Os moradores do Conjunto Vila da Barra, situado no bairro Galileia, zona Norte de Manaus, tentaram nesta sexta-feira (11) fechar mais uma vez a passagem que é utilizada por moradores do Galiéia há mais de 12 anos. Ao perceber que a passagem estava sendo bloqueada com a construção de uma cerca de arame, os moradores imediatamente chamaram a polícia. Após o sargento César Gomes da 15ª Companhia Interativa Comunitária (Cicom) constatar que a obra não estava autorizada, os serviços foram paralisados.

Em 2017, os moradores do Vila da Barra já haviam tentado fechar a passagem, mas a obra foi suspensa pela Defensoria Pública do Amazonas (DPE-AM), que reuniu os moradores em audiência e um acordo judicial foi firmado na época para que a passagem somente fosse bloqueada se o residencial providenciasse outro corredor aos moradores do Galileia.  Assim, a passagem deveria ser mantida. O acordo de 2017 não foi firmado e os moradores do Vila da Barra somente queriam fechar a passagem.

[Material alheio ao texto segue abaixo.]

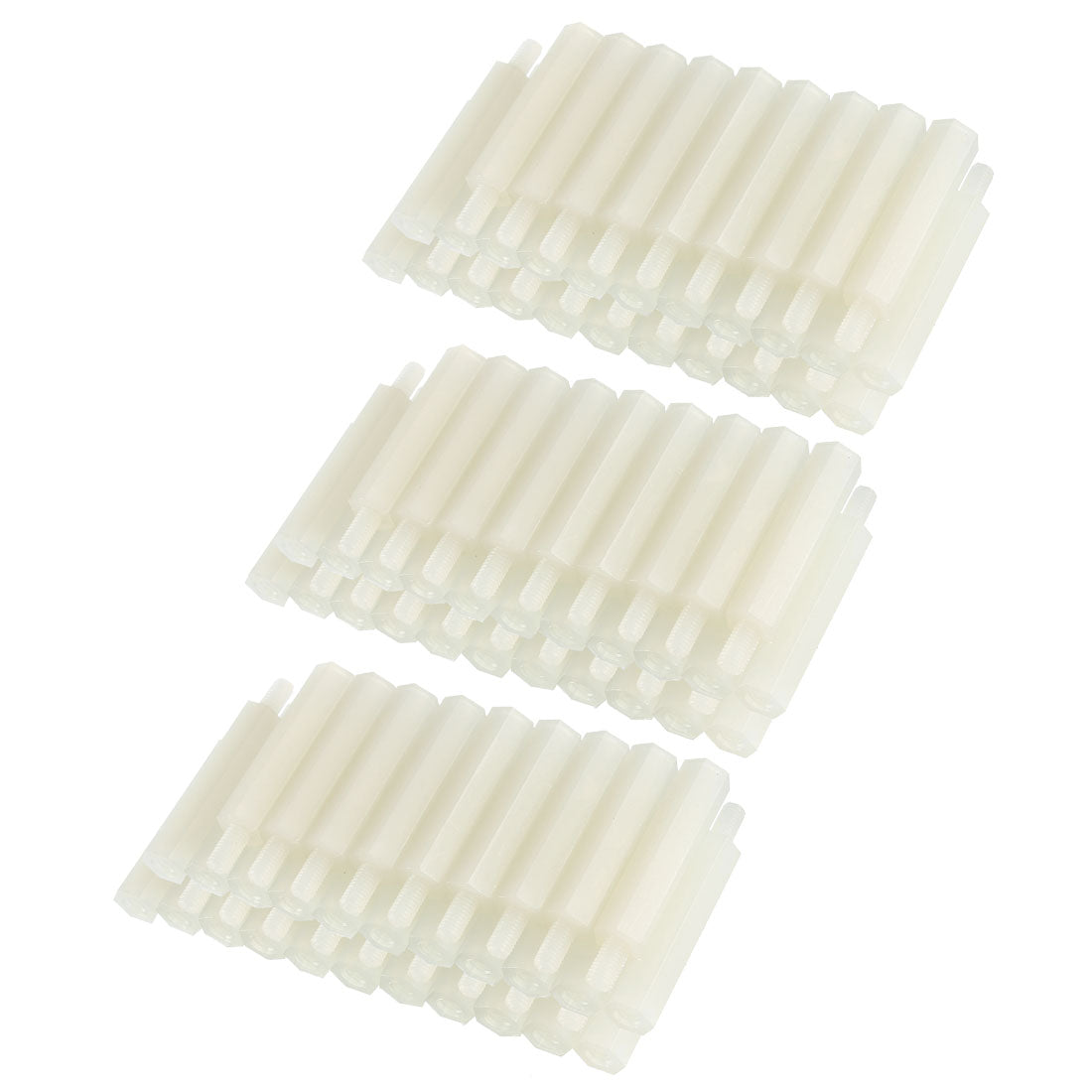 Harfington 130pcs M3 25+6mm Male Thread Nylon Hex Standoff Spacer Screws PCB Pillar
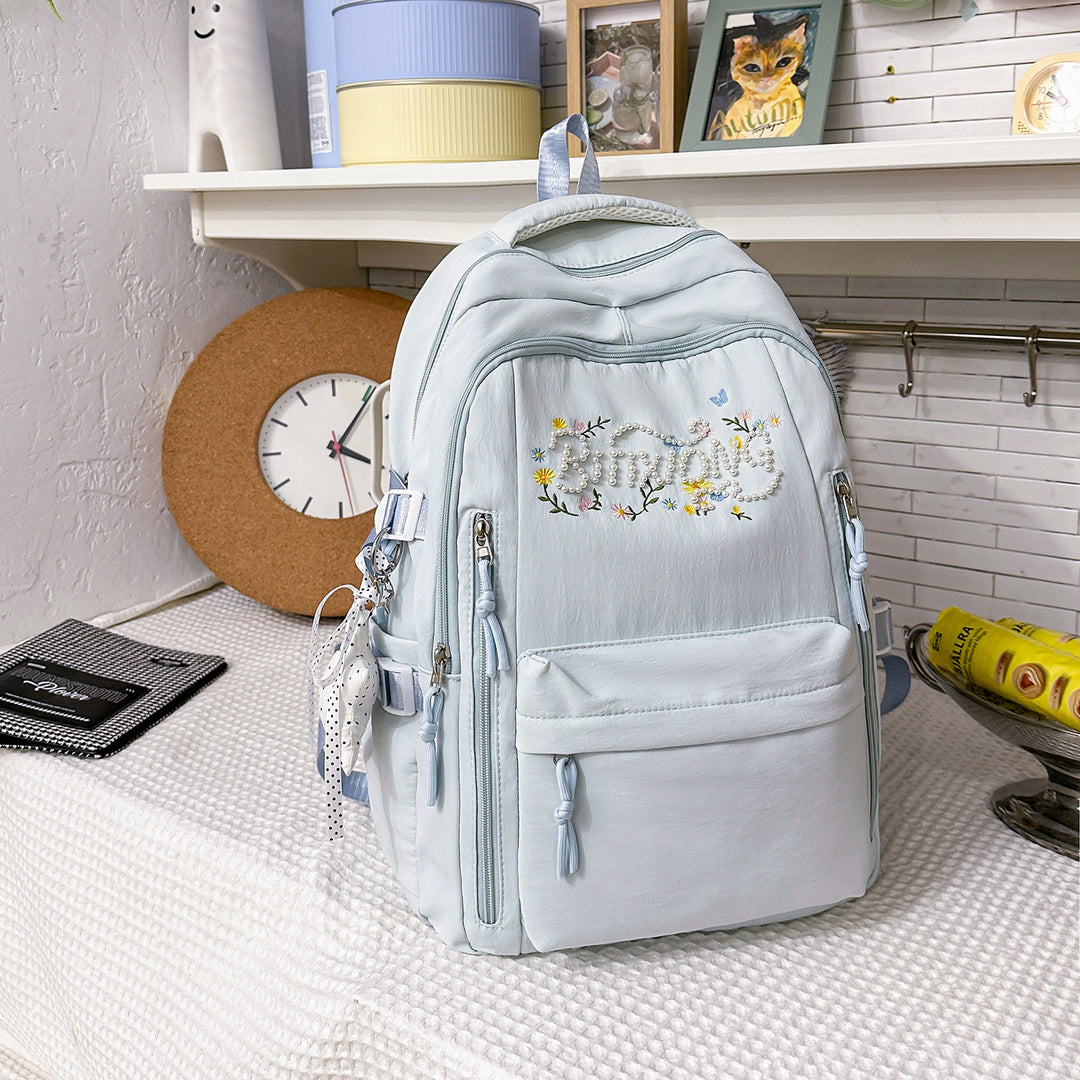 Embroidered Multi-Pocket Backpack Kalsten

Os moradores do Galiléia precisam passar pelo local diariamente e com o bloqueio da passagem, eles teriam que dar uma volta muito grande no quarteirão. O Radar esteve nesta manhã no local e verificou o residencial estava quase fechando a passagem e deixou apenas uma calçada estreita para os moradores passarem.

Um morador do local contou durante entrevista, que a passagem é essencial, pois dá acesso à via mais próxima onde a população pega o transporte público. O local já recebeu iluminação pública para dar mais segurança, mas que agora o acordo de 2017 está sendo quebrado.

“Fizemos um acordo com a Defensoria Pública e esse acordo não está sendo cumprido. Eles fizeram aqui uma passagem horrível que não tem como passar a noite, colocando a gente em risco de pegar uma queda no barranco e a gente só quer que sejam tomadas as devidas providências”, disse Junior Silva.

Obra embargada

 Nesta manhã, o Instituto Municipal de Planejamento Urbano (Implurb) esteve no local e embargou a obra. Diante da ameaça da quebra do acordo por parte do residencial, os moradores solicitaram o direito de utilizar a passagem novamente na Defensoria Pública.